# CH3OH Lewis Structure, Geometry, Hybridization, and Polarity CH3OH is the molecular formula of methanol, also known as methyl alcohol, which is the simplest aliphatic alcohol. It is primary alkyl alcohol in which a methyl group is linked to a hydroxyl functional group.

It is a polar solvent due to the presence of a hydroxyl functional group. It has a molecular mass of 32.042g along with being colorless and having a pungent odor and volatile nature.

To know more about methanol, it is necessary to get acquainted with its bonding characteristics.

For this, it is required to understand in detail the Lewis structure, VSEPR theory, the Hybridization concept as well as its polar nature.

Contents

## CH3OH Lewis Structure

The Lewis Structure of a molecule gives the simplest representation of valence shell electrons around itself.

Here, the valence electrons are represented by small dots and since a single bond consists of two bonding electrons, the two dots between two atoms are represented by a line instead, which represents a bond between them.

A lewis structure gives us information about the existence of a bond between atoms, although it is not enough to tell us about the type of the bond.

For making the lewis structure of methanol, it is required to satisfy the octet rule first and then calculate the formal charge of every element in the molecule.

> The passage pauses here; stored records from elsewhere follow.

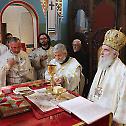 Serbian Patriarch Irinej celebrates in the church of Holy Transfiguration of the Lord in Belgrade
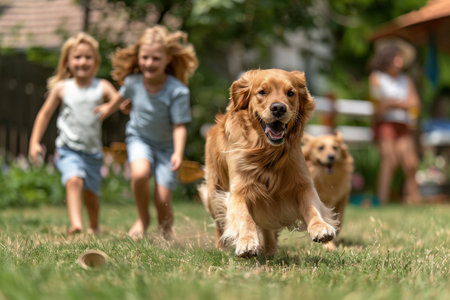 A dog is running in a field with two children playing behind itの素材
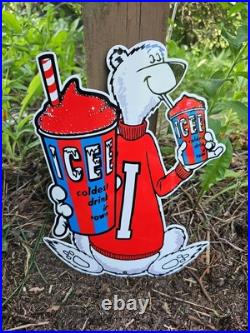 Vintage Icee Heavy Metal Porcelain Advertising Sign Ice Cream 12 X 9 Vintage Icee Heavy Metal Porcelain Advertising Sign Ice Cream 12 X 9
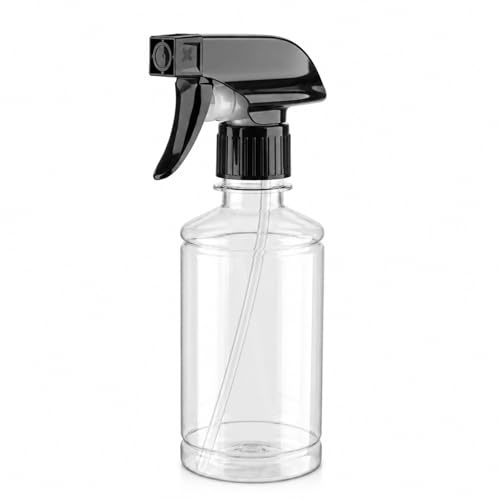 Muexoee 250ml Clear Plastic Spray Bottle, Graduated Hair Spray Bottle, Black Nozzle, Adjustable Spray Size, Suitable for Beauty Cleaning Gardening and Pets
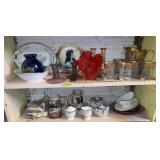 Colored glass, glass and pitcher set, Budweiser steins, china, etc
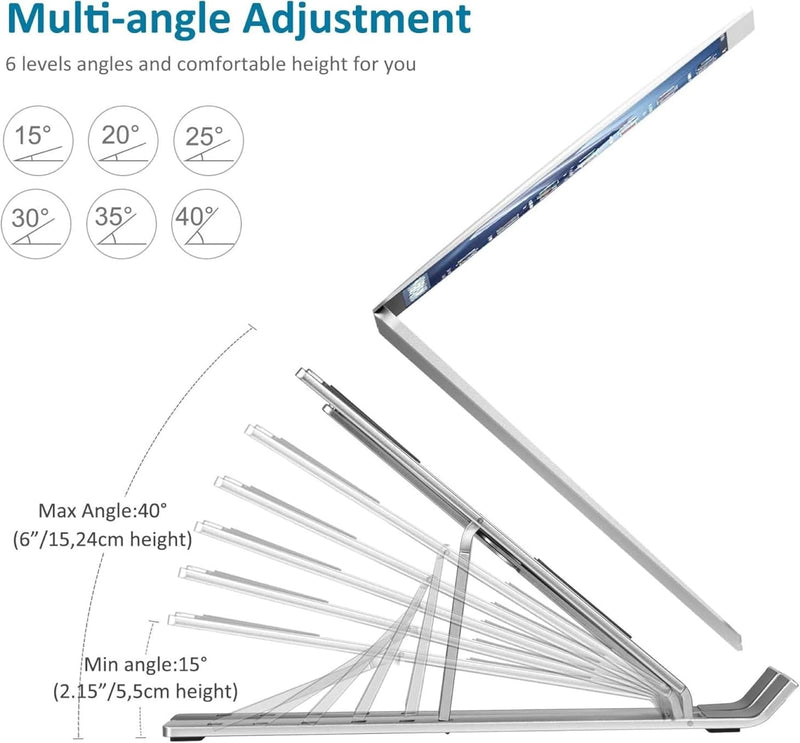 Adjustable Laptop Stand for Desk- Foldable Aluminum Laptop Stand Silver- Lightweight, Portable Laptop RiserDurable Laptop Holder Adjustable Compatible with MacBook, Dell, HP & More- 27x5.5x2.5cm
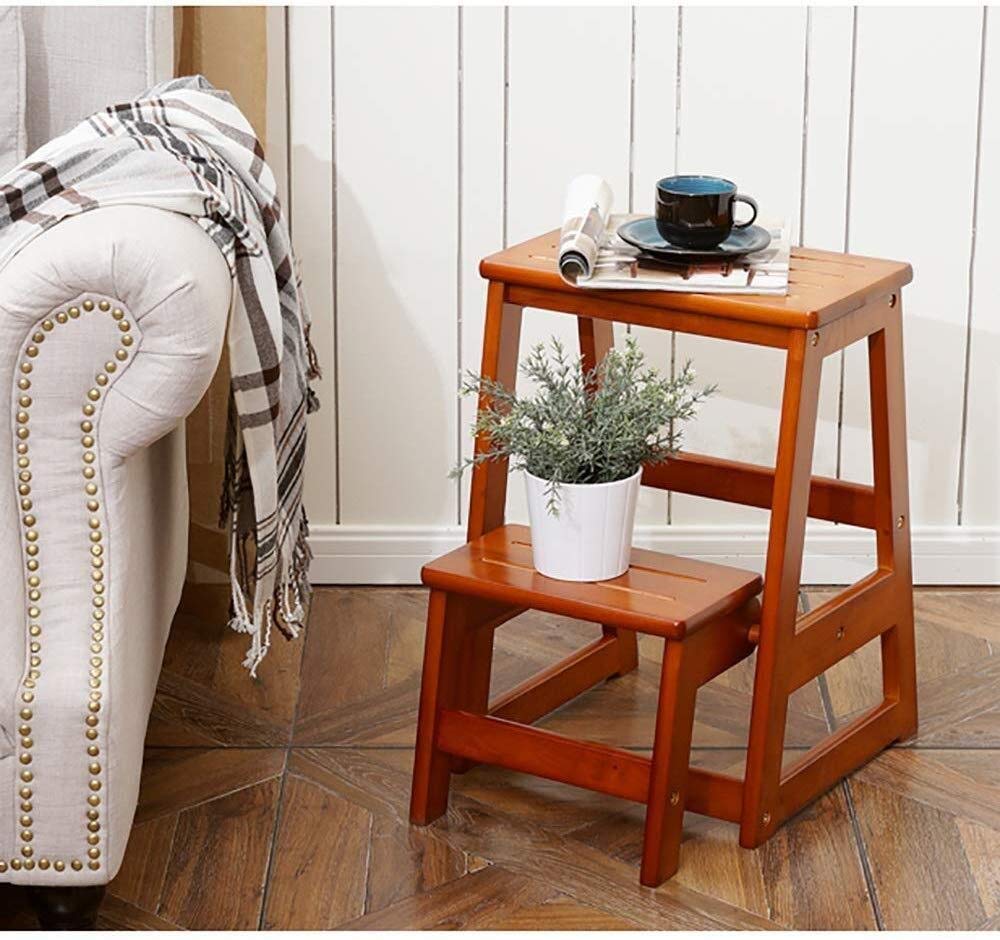 KAZUP 2-Step Wooden Folding Stool - Creative Multifunctional Ladder Step Stool for Home, Kitchen, Bathroom & Kids - Space-Saving & Durable (Color: A) - Perfect for Reaching High Shelves, Organizing & Child Safety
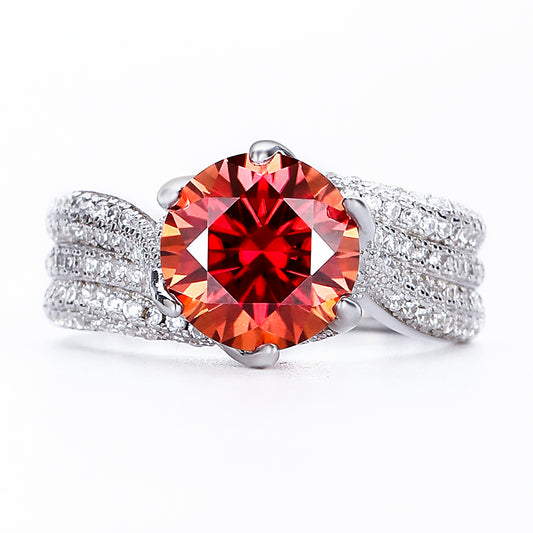 【#R08·The Queen】3-5CT S925 Sterling Silver Moissanite Ring Fixed Ring Band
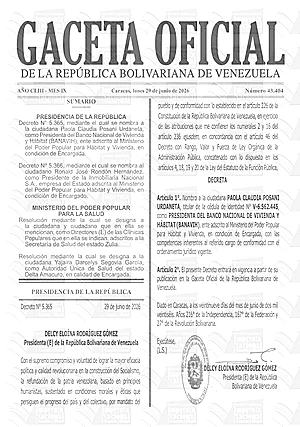 Gaceta Oficial #43404 29/06/2026 1 Gaceta Oficial
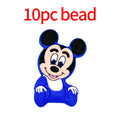 1/3/10pcs Silicone Mickey Teething Beads Food Grade Cartoon Shape Baby Teethers Toys DIY Pacifier Clips Chain Accessories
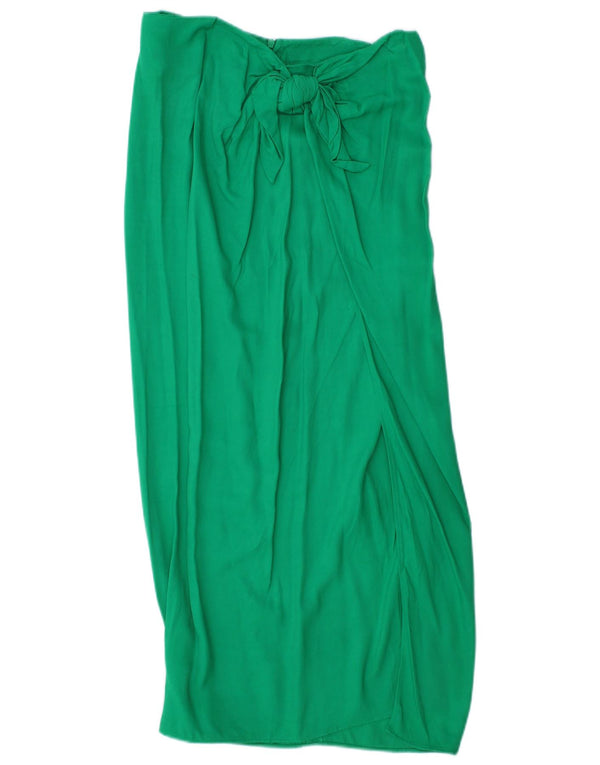 Zara Femme Jupe Midi Taille Haute Medium W28 Vert Viscose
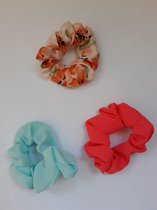 Le Sjalerie  scrunchie elastiek set van drie verschillende elastieken Haarmode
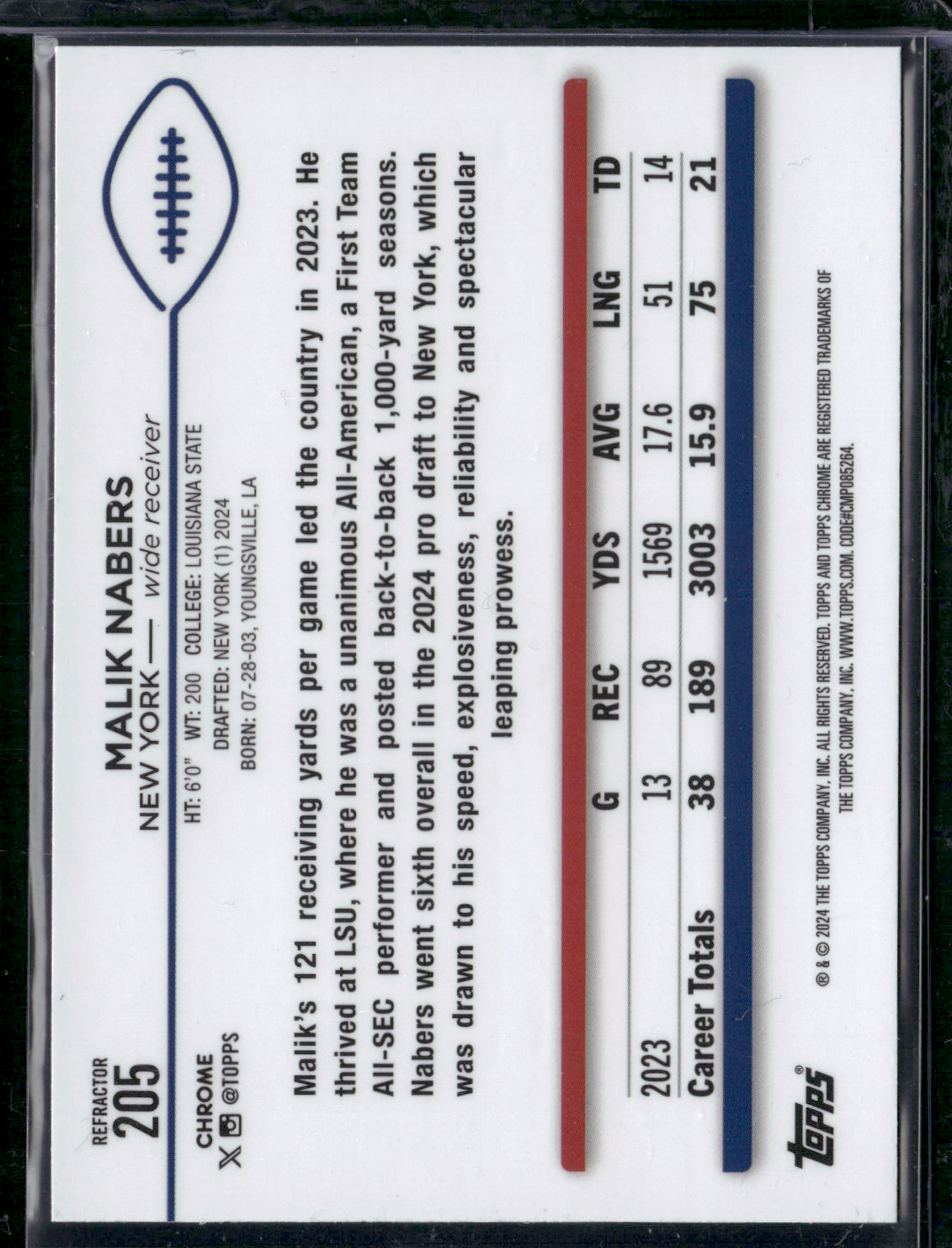 2024 Chrome MALIK NABERS #205 Rainbow Refractor Rookie RC (NM)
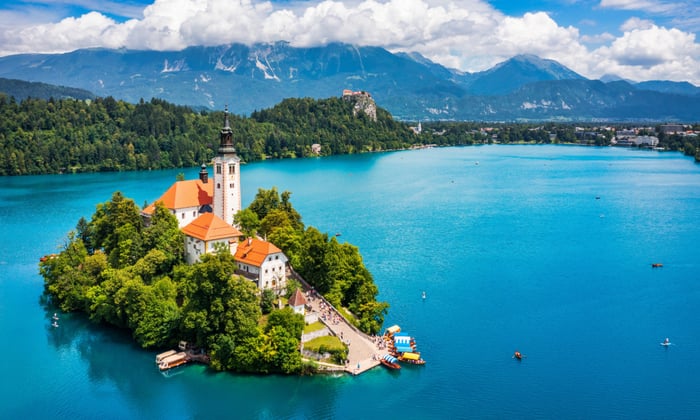 island on Lake Bled in Slovenia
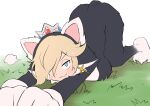  1girl :3 =3 absurdres animal_ears black_bodysuit blonde_hair blue_eyes blue_gemstone blush bodysuit breast_press breasts cat_ears cat_rosalina catsuit closed_mouth commentary crown earrings fake_animal_ears fang fang_out full_body gem gloves grass grey_headwear hair_over_one_eye half-closed_eyes happy highres hood hood_up jewelry kurachi_mizuki large_breasts looking_at_viewer mario_(series) on_ground one_eye_covered outstretched_arms own_hands_together red_gemstone rosalina short_hair sidelocks simple_background smile solo star_(symbol) star_earrings stretching super_mario_3d_world top-down_bottom-up v-shaped_eyebrows white_background white_gloves 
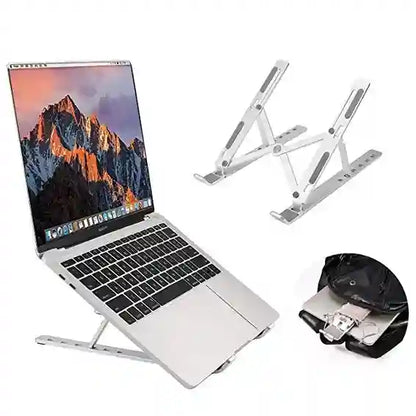Laptop with a stand, showing different angles on a white background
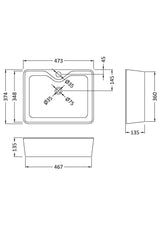 Nuie 1 Tap Hole Ceramic Rectangular Vessel Basin – 335mm, 460mm & 485mm, photo 4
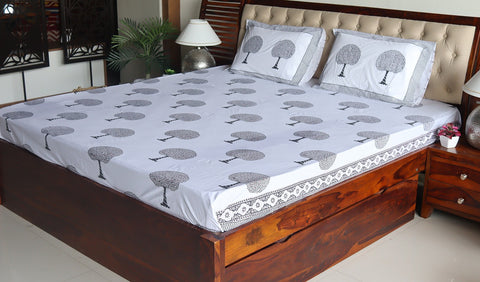 Tree Motifs Hand Block Printed White Double Bed Sheet with Pillow Covers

The octet rule states for every element to obtain a noble gas configuration i.e to have a total of 2 electrons (in the case of H and He) or a total of 8 electrons in their valence shells. This is because noble gases are considered to be stable in nature.

A formal charge is a theoretical charge present on elements of a molecule. The sum of these formal charges has to be equivalent to the net charge on the molecule. It is calculated by the following formula;

Formal charge of an element = (Valence electrons) – ((bonding electrons)/2) – (Non bonding electrons)

## Steps to Draw the Lewis Structure of Methanol (CH3OH)

1) Calculation of total valence electrons in methanol

The total no. of valence electrons in a molecule is the sum of valence shell electrons of each element in the molecule.

Take a look at the following table for the same.

 Atom Atomic number Group Number Electronic configuration Valence shell electronic configuration No. of valence electrons C 6 14 1s22s22p2 2s22p2 4 O 8 16 1s22s22p4 2s22p4 6 H 1 1 1s1 1s1 1

Now, there is 1 carbon atom, 1 oxygen atom, and 4 hydrogen atoms in one CH3OH molecule. Therefore the total valence electrons are:

(1*4) + (1*6) + (1*4) = 14 valence shell electrons

2) Sketching a rough diagram

For drawing a rough sketch, it is required to select the central atom of the molecule.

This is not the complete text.